There are two methods taxpayers can use to compute and claim the available credit.

These are the “regular” credit and the “Alternative Simplified Credit” (or ASC). The regular credit was originally the only one available to taxpayers. Congress later added the ASC to make the credit calculation less burdensome.

However, IRS rules provided that only the regular credit could be used on an amended return filed to claim the credit.

Recent Development

The IRS recently announced it had received numerous requests to amend its regulations, and allow taxpayers to make an ASC election on an amended return. The requests explained that the burden of substantiating expenditures and costs for the base period under the regular credit approach were costly, time-consuming, and difficult. The requests also suggested that taxpayers often needed additional time to determine whether to claim the regular credit or the ASC.

In TD 9666, the IRS responded to these requests by changing the applicable regulations. The IRS removed the rule that prohibited a taxpayer from making an ASC election for a tax year on an amended return. In its place, the regulations now provide a rule that allows a taxpayer to make an ASC election for a tax year on an amended return. 


There are certain restrictions placed on this new taxpayer option that should be reviewed prior to any filing. In changing the rules, the IRS also noted that taxpayers must still maintain sufficient books and records to substantiate the credit on any amended return.

In general, however, the new rule will make it far easier for companies to file amended returns to claim the tax credit. This could be especially beneficial to smaller companies, which may find the requirements of the regular credit calculation too onerous. As suggested by its name, the requirements of the ASC method are less complex than the regular method, which had been the only approach available for an amended return. 

 Legislative Origins

Interestingly, this IRS change was also advocated in legislation introduced by U.S. Senator Chris Coons (D-Del.) and U.S. Senator Pat Roberts (R-Kan.) These Senators included this change in the bipartisan “Innovators Job Creation Act”, which was introduced earlier this year.

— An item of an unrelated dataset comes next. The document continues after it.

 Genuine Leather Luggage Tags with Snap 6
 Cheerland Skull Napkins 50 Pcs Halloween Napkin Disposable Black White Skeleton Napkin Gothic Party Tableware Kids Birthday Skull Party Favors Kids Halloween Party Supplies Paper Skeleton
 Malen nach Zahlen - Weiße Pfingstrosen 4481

“I am glad the IRS agrees with me that small businesses, the most dynamic part of our economy, should be able to take fuller advantage of the Research and Development Tax Credit,” commented Senator Roberts. “The sensible change in the IRS’ regulations – a change I have long pushed for – will provide funds to allow innovative small business owners to create new jobs, expand businesses and keep businesses growing.”

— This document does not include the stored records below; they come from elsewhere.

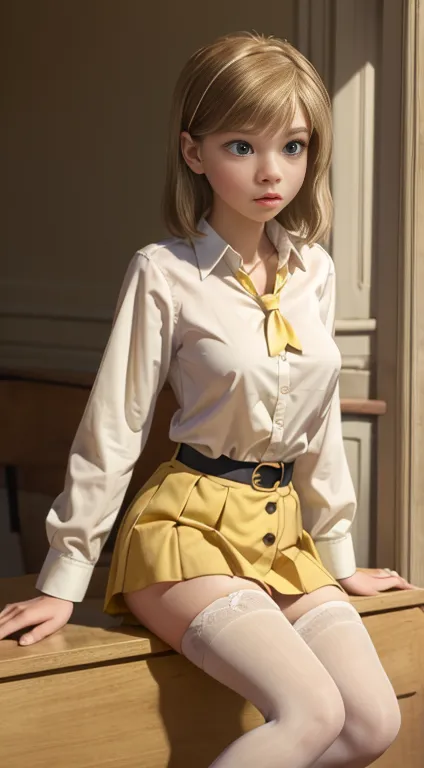 young riley andersen, neckline, diaphragm, dressed in sexy , white shirt with button, yellow tie, wide short skirt, long white s...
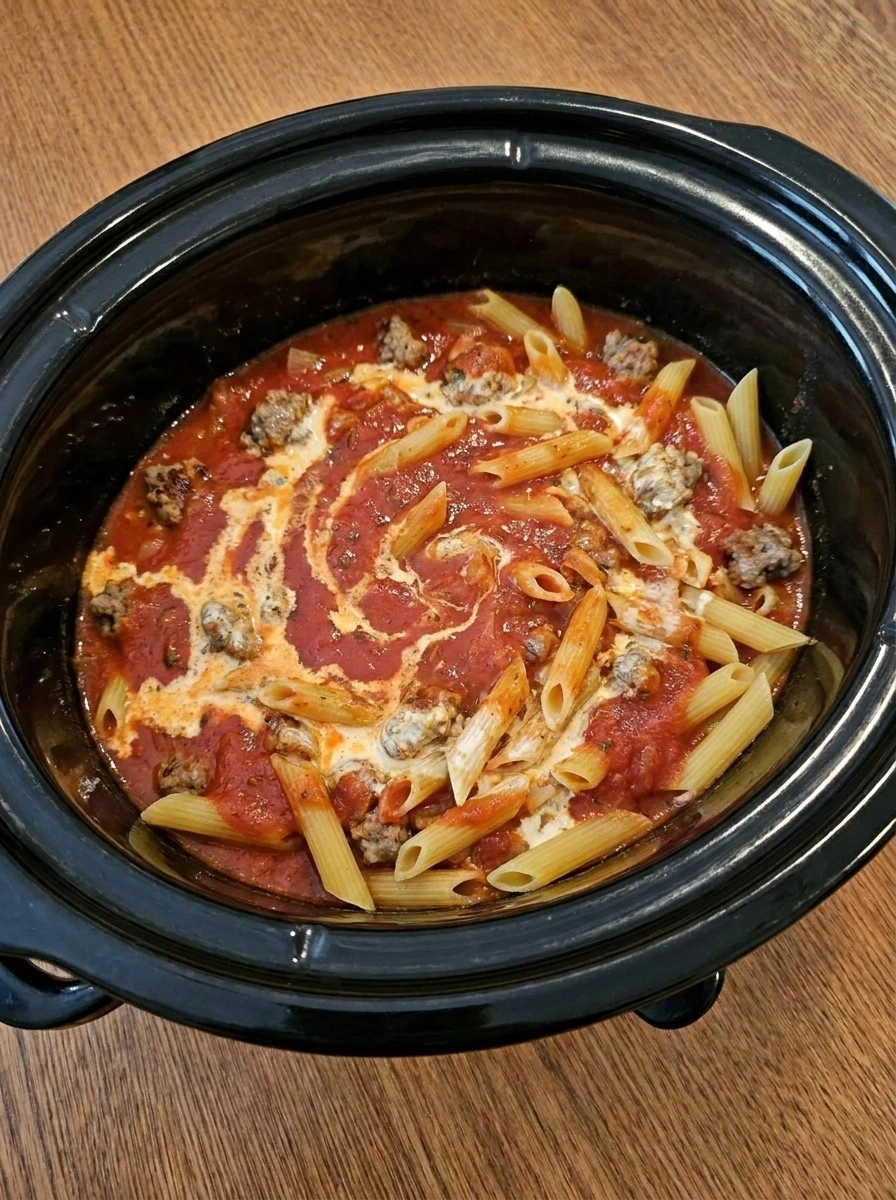 Penne and cream folded into sausage tomato sauce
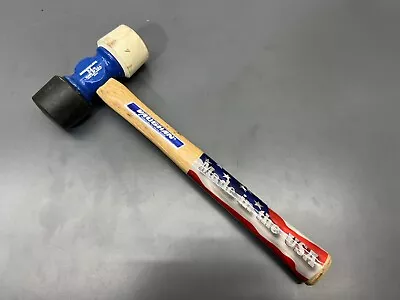 (L) VAUGHAN 24 OZ RUBBER MALLET HAMMER NON MARRING 14  Hickory Handle - VGC USA • $25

Senator Coons added that “Research and development are the lifeblood of innovation, and many of today’s most successful innovations are coming from the small business world. Our tax code should encourage job-creating R&D, but until now, IRS regulations prevented many small companies from claiming the most user-friendly version of the R&D tax credit. This simple change will help thousands of small manufacturers access the capital they need to invest in innovation, grow their businesses, and create good jobs. I’m grateful to Senator Roberts for his partnership on the Innovators Job Creation Act, and look forward to working with him to enact the other important provisions of this bill.”